British academic (born 1951)

Angela McRobbie (born 1951) is a British sociologist and cultural theorist.  Since the 1970s, she has been associated with the Birmingham Centre for Contemporary Cultural Studies and is a leading figure in British Cultural Studies and Feminist Media Studies.

She is a professor of communications at Goldsmiths College, University of London, where she continues to teach and supervise doctoral students as well as support various curricular initiatives.

McRobbie’s academic research spans five decades. Influenced by the work of  Professor Stuart Hall at Birmingham, McRobbie has authored many books and scholarly articles on young women and popular culture, gender and sexuality, the British fashion industry, social and cultural theory, the changing world of work and the new creative economy, feminism and the rise of neoliberalism.

McRobbie’s most famous works span from her mid-1970s study of the magazine Jackie to The Aftermath of Feminism (2008, German edition published in 2010). This book draws on Foucault to decipher the various technologies of gender which are directed towards young woman as "subjects of capacity". This book was followed by Feminism and the Politics of Resilience in 2020 which extends the analysis of feminism and neoliberalism to include the impact of welfare reductions and poverty shaming.
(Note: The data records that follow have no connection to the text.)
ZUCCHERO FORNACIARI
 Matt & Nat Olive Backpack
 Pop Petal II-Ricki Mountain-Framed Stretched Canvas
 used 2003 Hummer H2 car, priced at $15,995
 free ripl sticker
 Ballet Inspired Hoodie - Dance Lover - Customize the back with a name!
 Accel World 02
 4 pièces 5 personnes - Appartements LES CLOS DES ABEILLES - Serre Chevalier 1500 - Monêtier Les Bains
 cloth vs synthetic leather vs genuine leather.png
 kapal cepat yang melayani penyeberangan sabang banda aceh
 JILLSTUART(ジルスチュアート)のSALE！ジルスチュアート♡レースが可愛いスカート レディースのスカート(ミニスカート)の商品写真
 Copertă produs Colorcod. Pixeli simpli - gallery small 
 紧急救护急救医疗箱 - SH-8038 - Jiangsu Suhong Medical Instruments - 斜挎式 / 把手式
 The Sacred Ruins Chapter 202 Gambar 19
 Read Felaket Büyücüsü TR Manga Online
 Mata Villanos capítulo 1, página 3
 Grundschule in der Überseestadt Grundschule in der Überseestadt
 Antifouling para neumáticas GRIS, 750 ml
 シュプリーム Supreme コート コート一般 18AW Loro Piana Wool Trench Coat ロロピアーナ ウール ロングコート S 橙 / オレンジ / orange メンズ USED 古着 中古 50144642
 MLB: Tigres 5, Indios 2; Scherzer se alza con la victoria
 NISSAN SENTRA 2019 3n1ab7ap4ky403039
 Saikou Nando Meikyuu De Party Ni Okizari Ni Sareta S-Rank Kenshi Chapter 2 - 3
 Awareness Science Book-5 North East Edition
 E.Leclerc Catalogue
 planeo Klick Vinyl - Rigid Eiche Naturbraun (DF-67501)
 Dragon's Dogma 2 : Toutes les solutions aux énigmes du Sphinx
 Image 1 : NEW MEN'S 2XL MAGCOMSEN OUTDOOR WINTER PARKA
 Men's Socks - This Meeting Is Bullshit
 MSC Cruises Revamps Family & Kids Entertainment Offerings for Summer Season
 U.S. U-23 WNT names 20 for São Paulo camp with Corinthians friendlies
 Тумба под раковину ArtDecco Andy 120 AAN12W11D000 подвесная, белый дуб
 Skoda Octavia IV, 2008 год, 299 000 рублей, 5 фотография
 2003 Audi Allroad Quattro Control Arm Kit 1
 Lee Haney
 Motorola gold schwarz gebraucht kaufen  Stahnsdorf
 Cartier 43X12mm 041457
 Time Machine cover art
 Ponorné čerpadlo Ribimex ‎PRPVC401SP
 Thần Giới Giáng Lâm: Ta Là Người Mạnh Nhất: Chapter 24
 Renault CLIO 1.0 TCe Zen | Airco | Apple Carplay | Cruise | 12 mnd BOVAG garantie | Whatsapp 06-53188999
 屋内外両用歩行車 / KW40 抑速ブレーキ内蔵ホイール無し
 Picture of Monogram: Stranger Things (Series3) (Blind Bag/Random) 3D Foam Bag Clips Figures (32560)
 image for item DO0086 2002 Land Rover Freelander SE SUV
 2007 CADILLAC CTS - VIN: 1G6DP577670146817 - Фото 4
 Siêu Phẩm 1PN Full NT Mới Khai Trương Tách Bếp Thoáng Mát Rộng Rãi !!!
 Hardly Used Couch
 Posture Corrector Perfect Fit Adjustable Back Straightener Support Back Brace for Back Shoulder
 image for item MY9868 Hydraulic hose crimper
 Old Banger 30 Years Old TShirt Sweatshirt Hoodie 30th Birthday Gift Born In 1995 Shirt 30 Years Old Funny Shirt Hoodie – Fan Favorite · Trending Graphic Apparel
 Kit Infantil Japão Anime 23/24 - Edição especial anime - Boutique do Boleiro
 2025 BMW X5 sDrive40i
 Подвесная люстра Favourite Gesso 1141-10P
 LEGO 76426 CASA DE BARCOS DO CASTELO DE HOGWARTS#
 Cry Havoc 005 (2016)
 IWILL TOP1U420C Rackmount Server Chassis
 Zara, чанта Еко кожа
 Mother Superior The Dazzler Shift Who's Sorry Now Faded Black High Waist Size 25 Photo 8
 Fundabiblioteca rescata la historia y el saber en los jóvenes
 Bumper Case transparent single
In 2024 she published two books, one on the German artist Ulrike Ottinger and the other titled Feminism, Young Women and Cultural Studies: the Birmingham Essays from 1975 Onwards.

McRobbie has contributed to newspapers and magazines since the late 1970s, including  BBC Radio 4, Women’s Hour and Thinking Allowed, and has written for opendemocracy and the Guardian's Comment is Free.

==Early life ==

McRobbie completed her undergraduate degree at the University of Glasgow, followed by a postgraduate at the Centre for Contemporary Cultural Studies (CCCS) at the University of Birmingham.

Her thesis on Jackie magazine was published, re-printed and translated into several languages.

==Career==
McRobbie's early academic output emerged from her time at CCCS, where she analyzed youth subcultures and the politics of feminist research. Her essay "Girls and Subcultures," co-authored with Jenny Garber and published in Resistance Through Rituals (1975), remains a seminal contribution to cultural studies. From 1981, she held academic posts at institutions including the Polytechnic of East London, St Martins School of Art, and Thames Valley University. In 1996, she was appointed Reader at Loughborough University, where she completed her PhD in 1998. That same year she joined Goldsmiths, University of London, as Professor of Communications.

In 2018, McRobbie was elected Fellow of the British Academy. She has also held visiting professorships globally and has delivered keynote lectures at numerous international institutions.

== Scholarly work ==
McRobbie’s research is organized across five interrelated pathways that collectively reflect her sustained interest in feminist sociology and contemporary cultural studies.

Her first thematic focus emerged during her time at the Centre for Contemporary Cultural Studies at Birmingham in the 1970s.

This included her semiological reading of Jackie magazine and work on youth subcultures from a feminist perspective. She developed key critiques of male-centered subcultural theory and advanced feminist readings of popular culture. These early studies were widely distributed, translated, and adopted by institutions such as the Open University. Her essays from this period were reissued by Goldsmiths Press in 2024 in a volume titled Feminism, Young Women and Cultural Studies: The Birmingham Essays from 1975 Onwards.

Her second research trajectory dealt with the rise of the creative industries and the transformation of cultural labor, with a particular emphasis on fashion and design.

From the 1990s onward, she analyzed the emergence of cultural entrepreneurship and its intersection with neoliberal economic structures. Works such as British Fashion Design (1998) and Be Creative (2016) examine how creative labor is valorized and exploited under post-Fordist conditions. Her co-authored book in 2022 and recent articles in 2025 further this inquiry, turning attention to fashion policy and labor conditions in women’s media industries.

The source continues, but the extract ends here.